Des témoignages mis en musique
Le musicien Hugo Blouin s’inspire de la commission Charbonneau
Non, l’ex-maire de Montréal Gérald Tremblay et l’entrepreneur Joe Borsellino ne se sont pas lancés dans une carrière en musique. Pourtant, leurs noms figurent bel et bien aux crédits des pièces de Charbonneau ou Les valeurs à’ bonne place, un album jazz composé à partir des témoignages et d’écoutes électroniques entendus dans le cadre de la commission Charbonneau.
Ce projet pour le moins insolite, on le doit au compositeur et contrebassiste Hugo Blouin, membre du groupe MAZ et du trio Jonathan Turgeon.
Fasciné par la « musique » que l’on retrouve dans le monde en général (il a déjà composé du free jazz avec des chants d’oiseaux et de la musique traditionnelle avec le son de moteurs de bateaux), l’artiste a eu une révélation peu après le début des audiences, en 2012.

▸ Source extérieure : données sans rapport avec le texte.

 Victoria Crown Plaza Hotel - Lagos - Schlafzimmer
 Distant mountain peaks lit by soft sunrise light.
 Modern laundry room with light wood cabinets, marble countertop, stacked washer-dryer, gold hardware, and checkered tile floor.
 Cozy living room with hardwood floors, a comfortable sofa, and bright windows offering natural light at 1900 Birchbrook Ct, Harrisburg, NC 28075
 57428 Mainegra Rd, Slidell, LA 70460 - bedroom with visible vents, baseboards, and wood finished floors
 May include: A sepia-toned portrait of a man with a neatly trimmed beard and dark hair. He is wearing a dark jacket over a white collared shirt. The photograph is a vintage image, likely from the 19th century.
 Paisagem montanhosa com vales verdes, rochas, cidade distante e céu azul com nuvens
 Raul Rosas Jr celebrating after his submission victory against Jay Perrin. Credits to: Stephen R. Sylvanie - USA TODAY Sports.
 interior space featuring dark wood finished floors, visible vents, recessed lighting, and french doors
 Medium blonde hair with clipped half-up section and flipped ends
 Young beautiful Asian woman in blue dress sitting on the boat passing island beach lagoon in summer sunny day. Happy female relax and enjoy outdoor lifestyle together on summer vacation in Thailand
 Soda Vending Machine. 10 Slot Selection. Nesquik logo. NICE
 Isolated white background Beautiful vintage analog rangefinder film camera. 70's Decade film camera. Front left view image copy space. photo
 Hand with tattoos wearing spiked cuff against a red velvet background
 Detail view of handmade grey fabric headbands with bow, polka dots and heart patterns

« Le premier extrait qui m’a donné envie de faire de la musique avec ça, c’est l’appel d’intimidation qui a été fait par un présumé mafieux à un entrepreneur de Québec parce qu’il serait allé faire de la céramique à Montréal », a-t-il expliqué, en entrevue.
« Quand j’ai entendu ça, je me suis dit que ça n’avait pas d’allure. Je me disais : nous sommes dans Omertà. Mais non, c’était bel et bien la vraie vie. C’était plus grand que nature. Il fallait que je m’en mêle. »
LONGUE HALEINE
Le musicien a travaillé durant quatre ans sur les neuf pièces que le public pourra se procurer à compter de demain, dans leur version électronique. Parmi elles, on compte le premier extrait de l’album, Does it mean bateau ?, mais aussi Le winibago, Des valeurs d’entraide et Everything is truqué.
« J’ai écouté des bouts de tous les principaux témoins. Je m’intéressais à ceux qui sonnaient bien et à ceux qui disaient des choses intéressantes. Je me suis beaucoup intéressé à Gérald Tremblay, qui revient dans plusieurs chansons », a-t-il souligné.
Interprétées par six musiciens et deux chanteuses, les pièces du disque se veulent drôles et loufoques, même si elles ont été créées dans le cadre d’une démarche artistique des plus sérieuse.
« Rire, c’est vraiment sérieux. Oui, j’adore cette musique-là, je me suis investi dans ces compositions, mais l’art a plusieurs rôles et l’un d’eux, c’est de s’approprier des choses. Selon moi, il n’y avait pas de raison qu’on ne fasse pas d’art à partir de la commission Charbonneau. »
PERTINENT
Bien que le rapport de la commission Charbonneau ait été déposé il y a plus de deux ans, le musicien ne considère pas qu’il soit trop tard pour revenir sur le sujet. Il a même assez de matériel pour enregistrer un deuxième album.
« C’est sûr que ça aurait été fabuleux de profiter du timing de la remise du rapport, mais je crois que le sujet est encore pertinent [...] On parle encore du Faubourg Contrecoeur, de Nathalie Normandeau. Je pense même que c’est plus facile d’en rire, maintenant que c’est passé. »
Nous autres on a déposé un prix/ Le prix est truqué/ All I’m saying is that/i was truqué, everything there is truqué/le prix est truqué » – Everything is truqué, témoignage de G. Borsellino J’me rappelle’ pas, mais je’l savais pas/je pense que la température est une chose importante/j’ai un blanc d’mémoire, là/je consomme des calmants » – Does it mean bateau ?, témoignages de J. Boulet, G. Borselino, N. Milloto, G. Surprenant et G. Tremblay.
L’album sera accessible à compter de demain sur la page Bandcamp du projet( les valeurs a bonne place. bandcamp.com). Un lancement avec prestation aura lieu le même jour à la Sala Rossa, dès 18 h.